Crypto debit cards significantly expand this scope of action, as they make digital funds transferable into the real economy – without banks, merchants or authorities being able to intervene.

Fragmented oversight and global challenges

A key problem lies in the fragmented global oversight. Crypto card providers often operate across multiple countries, are subject to different national legal systems and deliberately exploit regulatory grey areas. According to money laundering expert Prof. Joras Ferwerda, many card providers do not carry out the required identity checks (KYC) adequately or at all. This opens the door to shell companies, straw men and fake identities – and makes the work of international investigators considerably more difficult.

Another problem is the payment networks themselves. Card providers that cooperate with Visa or Mastercard benefit from the trust and reach of these systems – often without card users or merchants knowing how poorly regulated the underlying structures really are. Although Visa and Mastercard emphasise that they do not tolerate illegal activities and check providers without proper identity checks, the effectiveness of these measures remains questionable.

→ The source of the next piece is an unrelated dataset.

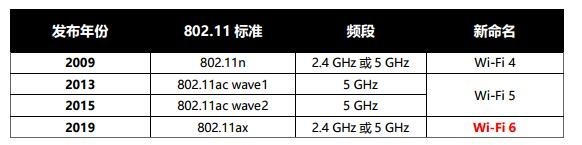 802.11标准和名称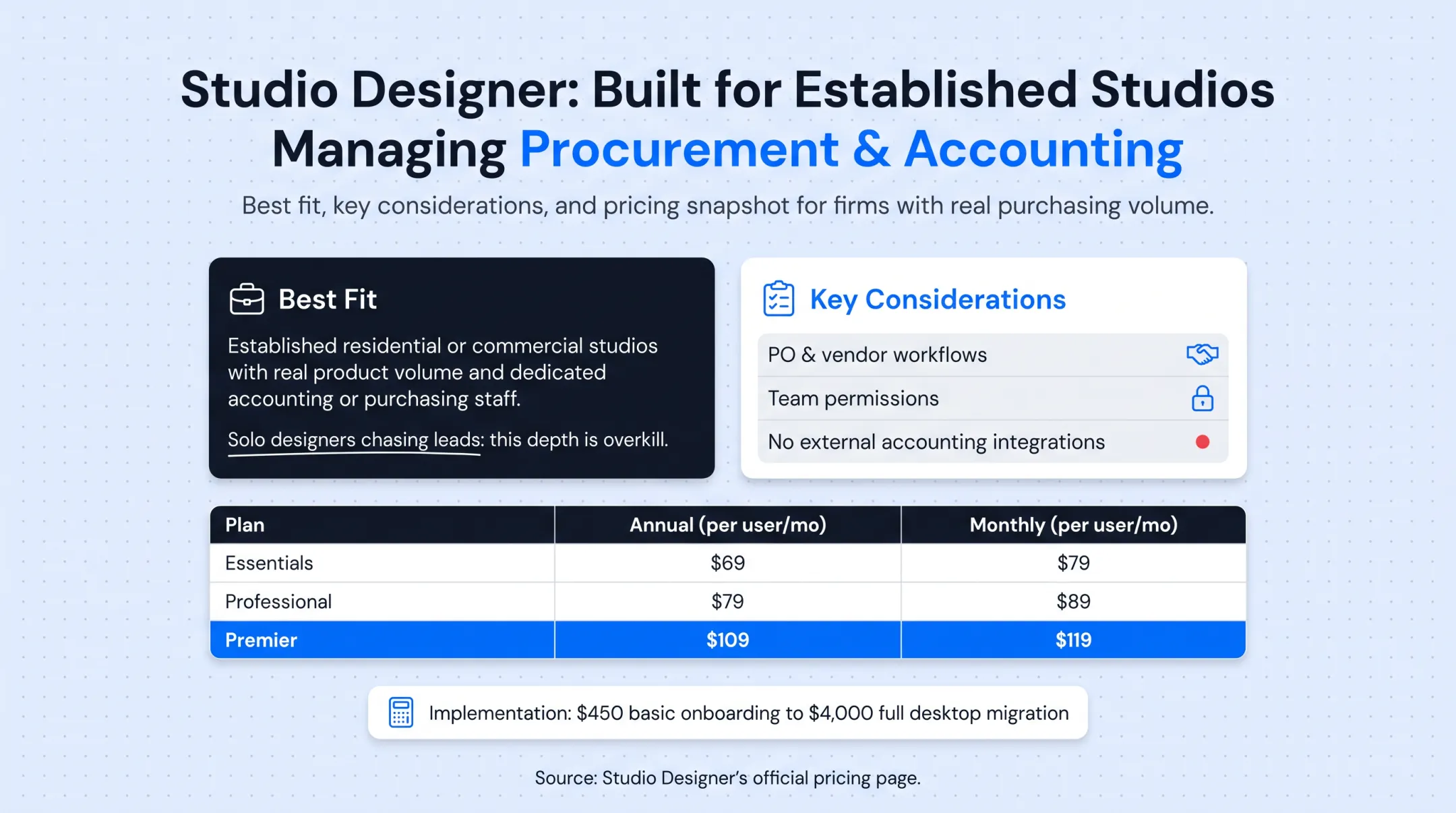 Interior design studio procurement and vendor management software interface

Call for more responsibility in the payment network

Both Ferwerda and van Wegberg are therefore calling for greater shared responsibility on the part of the major payment networks. If cards bear the Visa or Mastercard logo, it must also be ensured that these products cannot be misused. The trust that these brands inspire should not be undermined by uncontrolled third-party providers.

This also increases pressure on regulators worldwide: they must develop cross-border standards to ensure that crypto debit cards no longer serve as a loophole for money laundering. Without international cooperation, uniform KYC/AML guidelines and clear responsibilities, there is a risk that a digital shadow banking system will emerge.

An underestimated risk with real consequences

Crypto debit cards are a prime example of how quickly technological innovations can become vulnerabilities in the financial system. The combination of digital anonymity and global acceptance makes them a serious risk – both to the integrity of payment transactions and to internal security.

The police warning should therefore not be seen as an isolated incident, but as a signal that the regulation of the digital financial market must keep pace with technological developments. This is the only way to prevent modern means of payment from becoming tools of organised crime.